Trump’s Strategy to Curb Russia and China in Venezuela

U.S. President Trump has recognized Juan Guaidó, the head of Venezuela's National Assembly, as the country's interim president. (Image: Screenshot / YouTube)
U.S. President Trump has recognized Juan Guaidó, the head of Venezuela's National Assembly, as the country's interim president. (Image: Screenshot / YouTube)

Right now, Venezuela has two presidents. The one in power, Nicolas Maduro, is known for his dictatorial tendencies and enjoys support from Russia and China. The one seeking power, Juan Guaidó, is the leader of the opposition party and came into the limelight only a few weeks ago when he declared himself the interim president of the country after reports suggested that the presidential election that put Maduro in power was a sham.

He enjoys the support of the U.S. and most of its allies, who want the people of Venezuela to vote for a leader they genuinely desire. However, there is another reason why the U.S. seeks to oust Maduro — to curb Russian and Chinese influence in Venezuela.

Countering Russia and China

“I don’t think they [China and Russia] like regime change. I don’t think they like the idea that the U.S. is seemingly declaring somebody president… Both Xi and Putin would be horrified if the U.S. got any ideas about trying to do this in any of their countries, or countries that they view as satellite states,” Helima Croft, global head of commodity strategy at RBC Capital Markets, said to CNBC.

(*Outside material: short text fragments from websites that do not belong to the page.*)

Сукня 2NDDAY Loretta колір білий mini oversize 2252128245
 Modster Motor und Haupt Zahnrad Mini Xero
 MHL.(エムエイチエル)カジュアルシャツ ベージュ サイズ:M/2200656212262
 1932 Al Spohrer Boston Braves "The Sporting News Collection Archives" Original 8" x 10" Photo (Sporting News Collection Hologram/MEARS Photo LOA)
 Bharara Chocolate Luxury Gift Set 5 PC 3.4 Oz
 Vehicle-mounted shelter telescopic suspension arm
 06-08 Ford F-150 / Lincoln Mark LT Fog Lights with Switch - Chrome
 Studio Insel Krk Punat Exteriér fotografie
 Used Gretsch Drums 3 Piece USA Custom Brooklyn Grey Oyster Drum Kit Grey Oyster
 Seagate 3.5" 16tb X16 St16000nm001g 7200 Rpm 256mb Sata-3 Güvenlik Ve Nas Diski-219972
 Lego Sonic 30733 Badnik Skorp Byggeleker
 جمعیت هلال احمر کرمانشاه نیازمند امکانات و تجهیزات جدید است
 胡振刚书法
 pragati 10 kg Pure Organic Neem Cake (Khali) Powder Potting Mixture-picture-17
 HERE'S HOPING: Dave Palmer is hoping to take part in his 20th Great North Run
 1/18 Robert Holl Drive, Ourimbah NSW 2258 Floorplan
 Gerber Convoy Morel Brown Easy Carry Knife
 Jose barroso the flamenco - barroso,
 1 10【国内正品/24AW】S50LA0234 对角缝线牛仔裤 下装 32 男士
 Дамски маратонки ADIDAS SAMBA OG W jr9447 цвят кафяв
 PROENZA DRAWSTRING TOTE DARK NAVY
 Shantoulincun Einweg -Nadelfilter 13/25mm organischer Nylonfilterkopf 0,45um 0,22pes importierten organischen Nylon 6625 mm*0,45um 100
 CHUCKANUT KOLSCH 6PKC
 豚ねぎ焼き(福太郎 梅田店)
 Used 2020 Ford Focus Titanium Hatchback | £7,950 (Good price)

According to estimates, Venezuela owes almost US$100 billion in debt to its creditors, with China being a major lender. Both Russia and China have loaned money to Venezuela in exchange for shares in the country’s oil, gold, and other reserves. Venezuela’s current financial crisis is definitely worrying. But experts point out that the problem is merely a temporary one. Venezuela is literally sitting on 300 billion barrels of oil reserves as well as massive stores of iron ore, gold, and other resources. As such, the country’s long-term financials look pretty solid. The only thing Venezuela has to sort out is its current liquidity crisis.

Is Venezuela Screwed Despite Its Oil Reserves_ 2-2 screenshot

Both Russia and China have loaned money to Venezuela in exchange for shares in the country’s oil, gold, and other reserves. (Image: Screenshot / YouTube)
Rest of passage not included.